■ PROBLEM DETAILS
Transcribe only the part of the material below that begins at the line containing "ناخن مصنوعی با" and ends at the line containing "Living-Room-10.jpg", with both kept and images left out.

───── TASK DATA

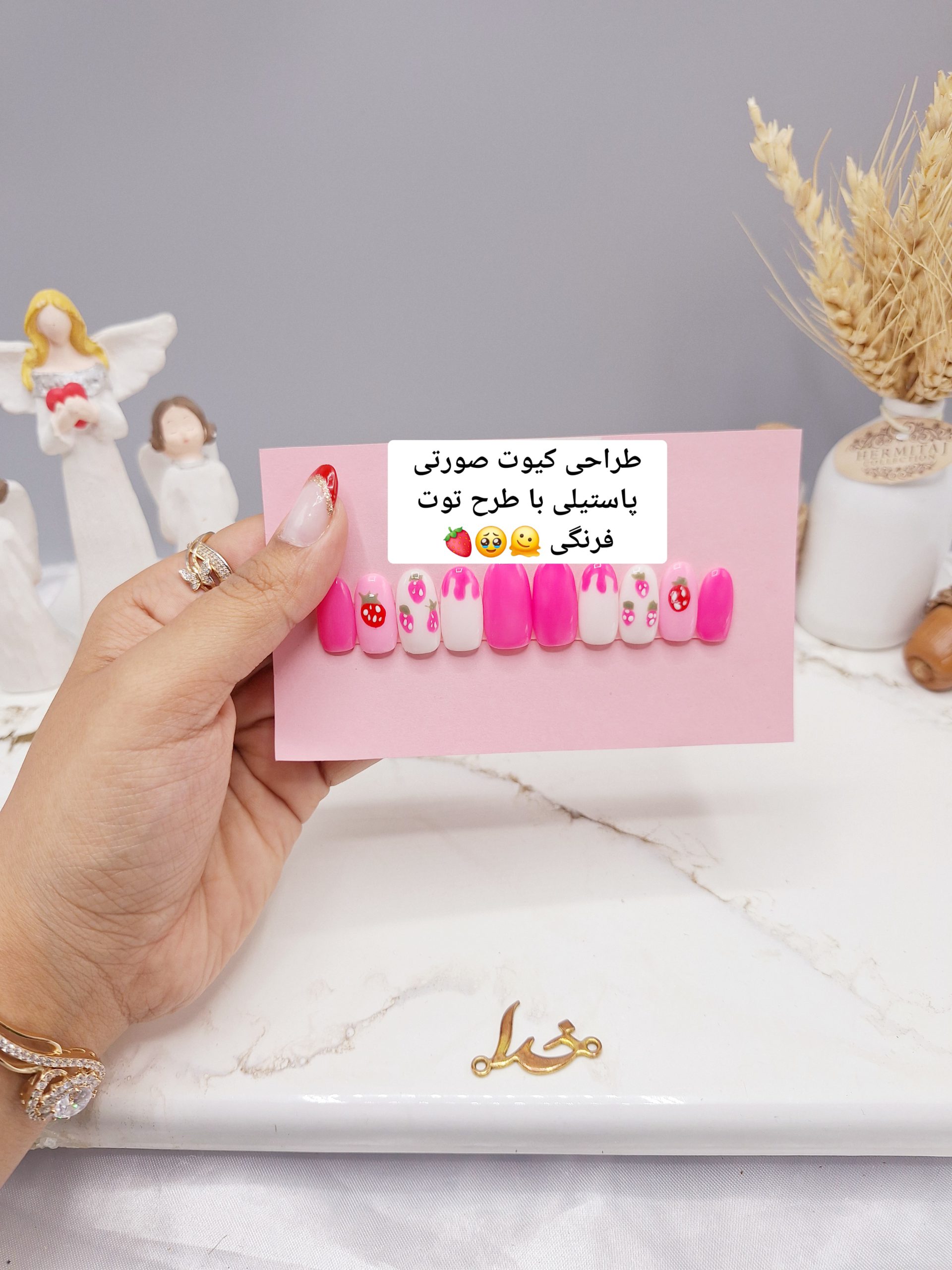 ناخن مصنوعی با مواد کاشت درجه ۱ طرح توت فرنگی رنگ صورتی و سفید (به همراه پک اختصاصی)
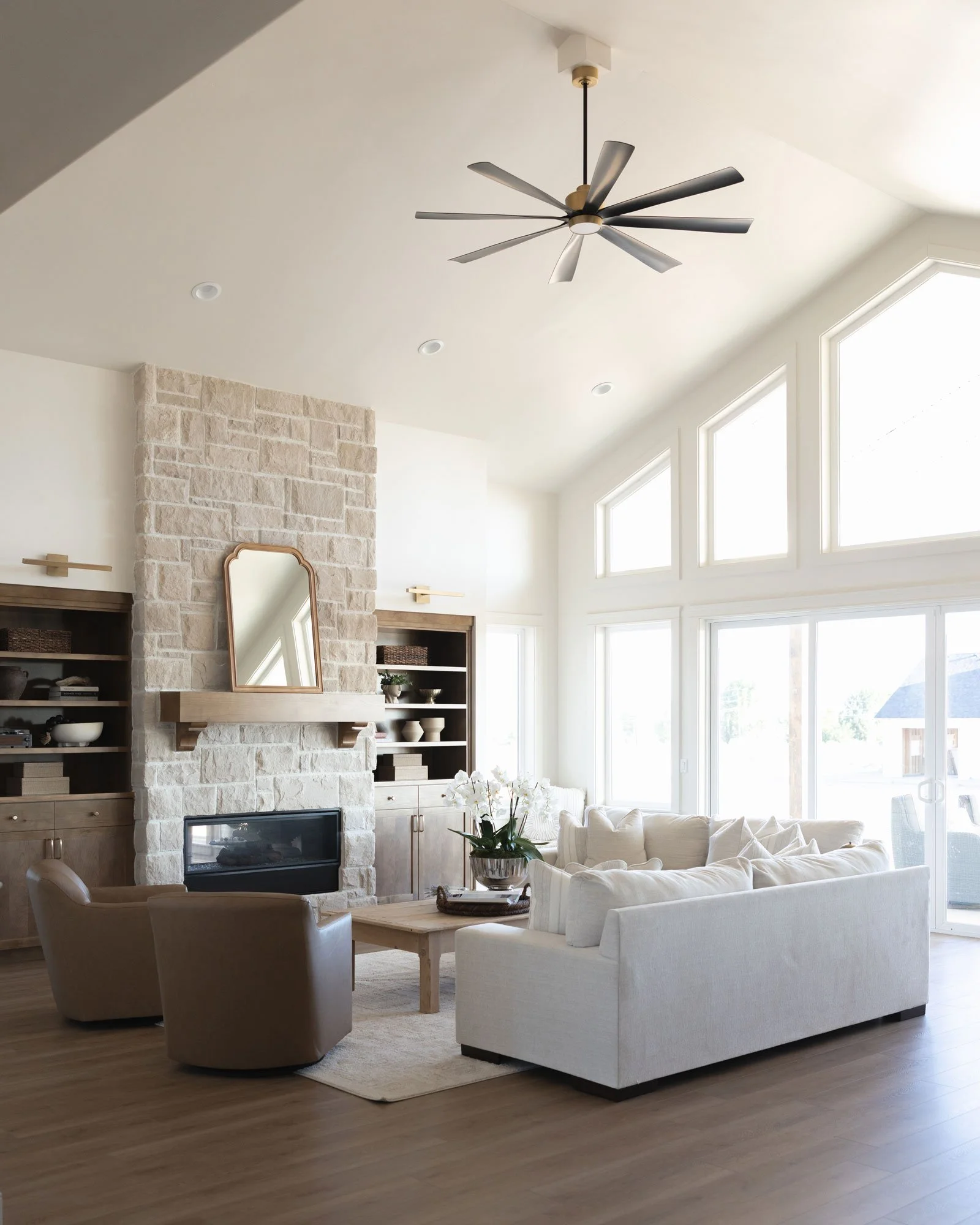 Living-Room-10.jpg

──────────
───── TASK DATA

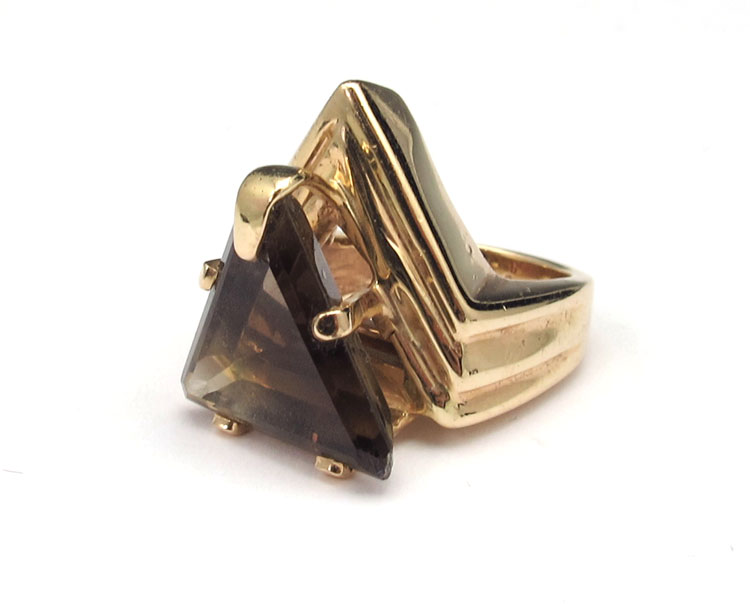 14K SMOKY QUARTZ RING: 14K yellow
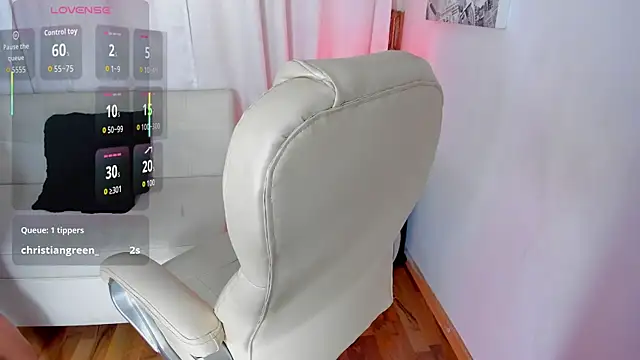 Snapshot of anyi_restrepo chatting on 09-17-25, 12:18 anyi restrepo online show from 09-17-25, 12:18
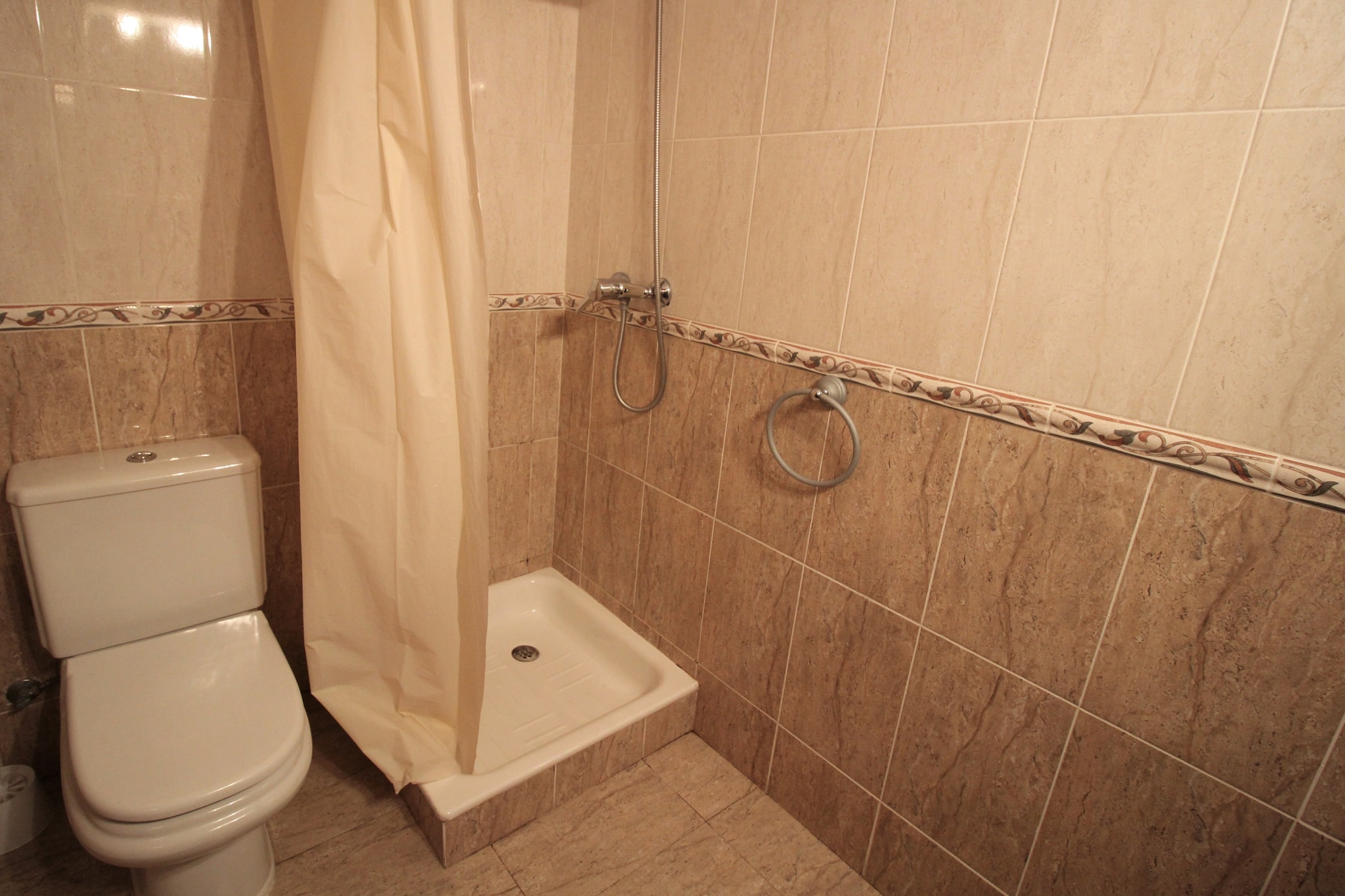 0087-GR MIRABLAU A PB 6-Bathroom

──────────

■ SOLUTION TO THE PROBLEM
 ناخن مصنوعی با مواد کاشت درجه ۱ طرح توت فرنگی رنگ صورتی و سفید (به همراه پک اختصاصی)
 Living-Room-10.jpg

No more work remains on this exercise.